Fortunately, history provides a useful lesson on how courts can strike an appropriate balance between protecting patent holders from liability when they make legitimate allegations of infringement and punishing patent holders when they engage in unfair or deceptive enforcement tactics. Specifically, a long line of federal judicial decisions—which the Federal Circuit has mostly ignored—addresses the precise question of when a patent holder may be held liable for its enforcement conduct. As early as the nineteenth century, courts sitting in equity enjoined patent holders from making infringement assertions in bad faith, which could be established through evidence of the patent holder’s “malicious intent.” Although a patent holder’s intent is a subjective question, courts often inferred subjective intent from objective evidence, such as the patent holder’s threatening a large number of accused infringers and the patent holder’s failure to follow its threats with actual lawsuits. This flexible, equity-based immunity standard—as opposed to the rigid two-part test mandated by the Federal Circuit—would empower all three branches of government at both the state and federal levels to impose reasonable restrictions on patent enforcement. At the same time, cases in which enforcement conduct was enjoined under the traditional standard were usually egregious and often involved claims that were objectively weak on the merits, so a revitalized good faith immunity doctrine would protect patent holders’ ability to provide legitimate notice of their patent rights.
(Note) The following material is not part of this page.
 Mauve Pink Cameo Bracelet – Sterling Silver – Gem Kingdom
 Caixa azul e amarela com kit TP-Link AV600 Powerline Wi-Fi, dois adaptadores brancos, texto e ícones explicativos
This Article is the first to consider whether the new state statutes are constitutional. By showing how current Federal Circuit doctrine could quash those innovative reforms, and by offering an alternative to the Federal Circuit’s onerous Noerr-based immunity rule, this Article contributes to an important and on-going policy conversation as additional states, as well as the federal government, contemplate steps to fight abusive patent enforcement.

This Article will begin in Part I by outlining the state laws relevant to patent enforcement, including the new state statutes. Part II will then explore the bodies of federal law that potentially nullify those state laws, namely, preemption doctrine under the Supremacy Clause and doctrines of petitioning immunity derived from the First Amendment. Part III will reexamine the relevant Federal Circuit case law, showing that the key limit on the states’ ability to regulate patent enforcement is not preemption but the Federal Circuit’s flawed interpretation of the First Amendment. Part IV will explore the practical consequences of conferring broad immunity on patent holders’ assertions of infringement, highlighting the limited power that both state governments and the federal government have under Federal Circuit law. Finally, Part V will outline ways in which Federal Circuit law should be reformed to provide governments the ability to outlaw unfair and deceptive schemes of patent enforcement.